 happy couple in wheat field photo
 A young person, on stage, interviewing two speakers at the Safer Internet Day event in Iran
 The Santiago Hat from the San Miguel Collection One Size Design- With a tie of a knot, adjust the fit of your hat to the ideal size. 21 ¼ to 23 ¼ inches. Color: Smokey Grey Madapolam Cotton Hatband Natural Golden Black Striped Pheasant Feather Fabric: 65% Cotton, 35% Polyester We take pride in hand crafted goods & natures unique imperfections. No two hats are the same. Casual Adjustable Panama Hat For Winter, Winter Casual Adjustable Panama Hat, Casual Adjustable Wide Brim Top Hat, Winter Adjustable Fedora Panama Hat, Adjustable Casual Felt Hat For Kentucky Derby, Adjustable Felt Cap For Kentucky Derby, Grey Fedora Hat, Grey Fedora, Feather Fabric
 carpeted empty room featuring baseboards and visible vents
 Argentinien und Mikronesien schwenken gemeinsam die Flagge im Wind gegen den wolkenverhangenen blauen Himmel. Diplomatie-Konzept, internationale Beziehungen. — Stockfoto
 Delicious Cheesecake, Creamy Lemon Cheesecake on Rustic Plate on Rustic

--

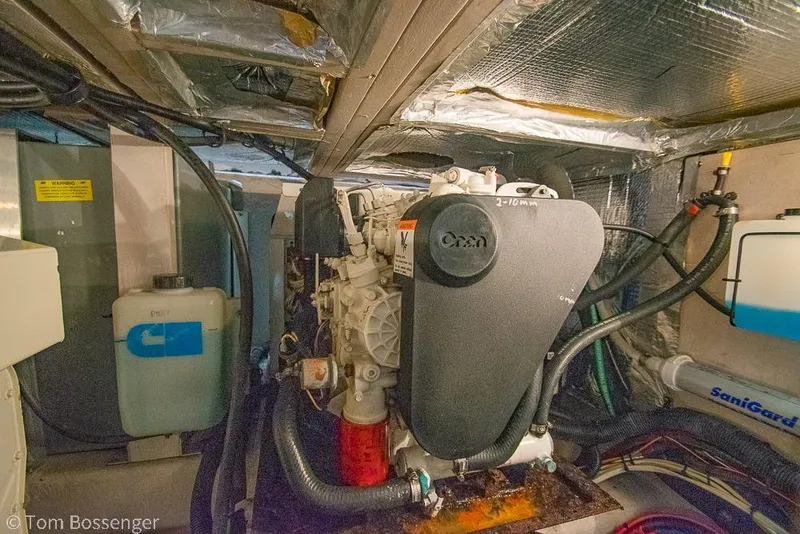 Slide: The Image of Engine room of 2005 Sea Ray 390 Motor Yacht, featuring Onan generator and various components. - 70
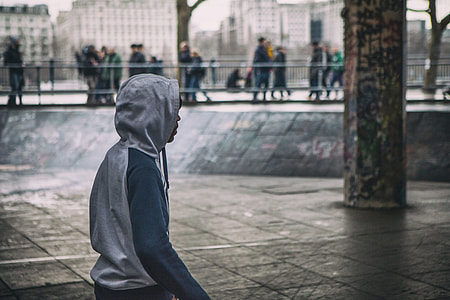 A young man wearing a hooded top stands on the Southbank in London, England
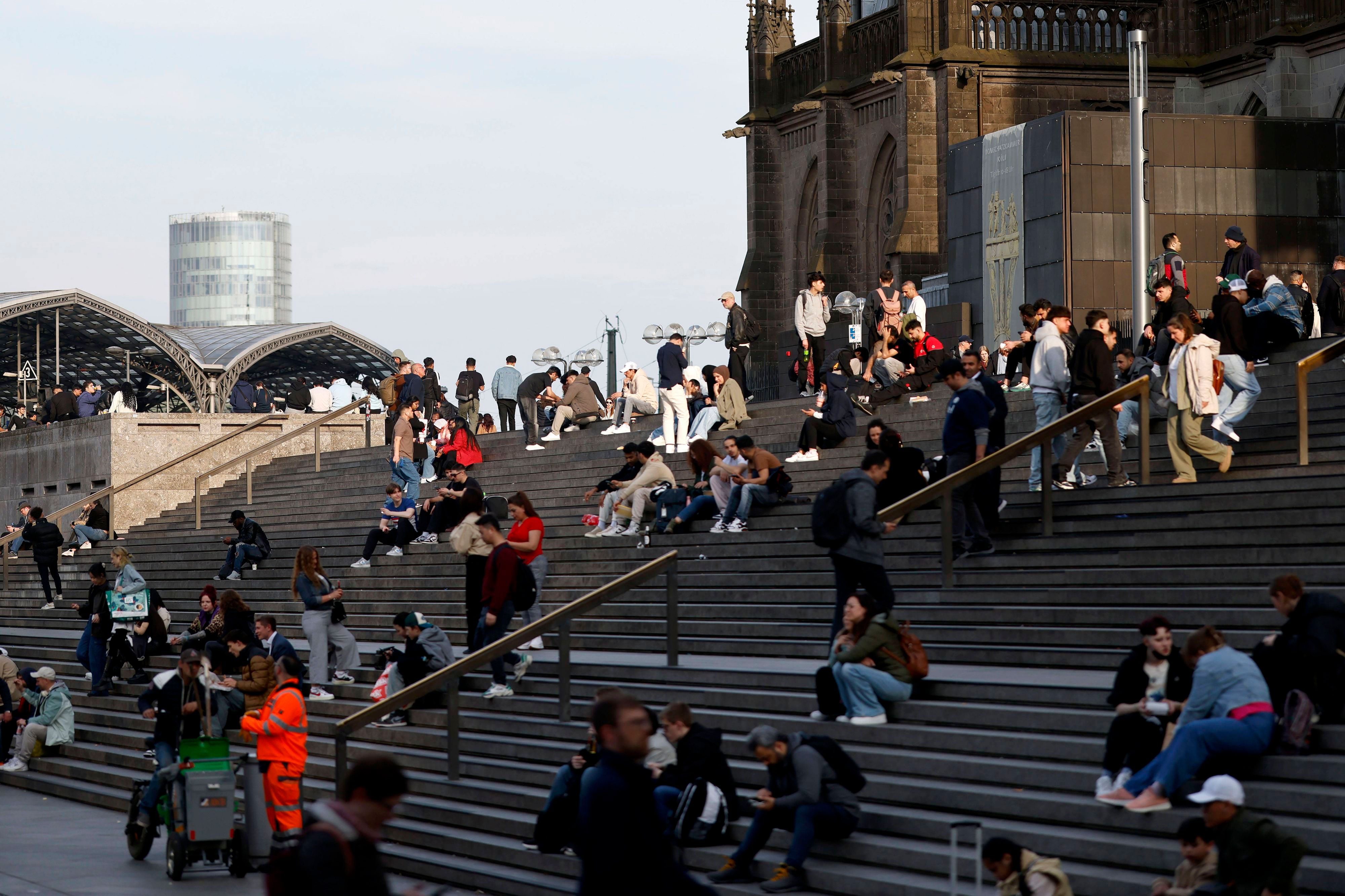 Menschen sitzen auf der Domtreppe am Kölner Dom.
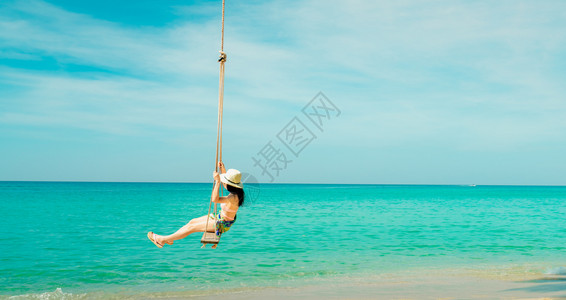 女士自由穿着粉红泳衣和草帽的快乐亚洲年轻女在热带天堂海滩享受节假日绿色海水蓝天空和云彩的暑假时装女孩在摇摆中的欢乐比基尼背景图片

...

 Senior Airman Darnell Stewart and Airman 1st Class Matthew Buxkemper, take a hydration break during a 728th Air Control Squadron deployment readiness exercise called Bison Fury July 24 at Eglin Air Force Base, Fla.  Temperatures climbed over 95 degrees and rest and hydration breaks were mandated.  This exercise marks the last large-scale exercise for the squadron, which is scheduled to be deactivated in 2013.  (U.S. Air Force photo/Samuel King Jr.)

WORK TO COMPLETE> Your answer must be the lines above from the one holding "Slide: The Image" up to and including the one holding "女士自由穿着粉红泳衣和草帽的", exact and with no pictures.

SOLUTION BELOW>
 Slide: The Image of Engine room of 2005 Sea Ray 390 Motor Yacht, featuring Onan generator and various components. - 70
 A young man wearing a hooded top stands on the Southbank in London, England
 Menschen sitzen auf der Domtreppe am Kölner Dom.
 女士自由穿着粉红泳衣和草帽的快乐亚洲年轻女在热带天堂海滩享受节假日绿色海水蓝天空和云彩的暑假时装女孩在摇摆中的欢乐比基尼背景图片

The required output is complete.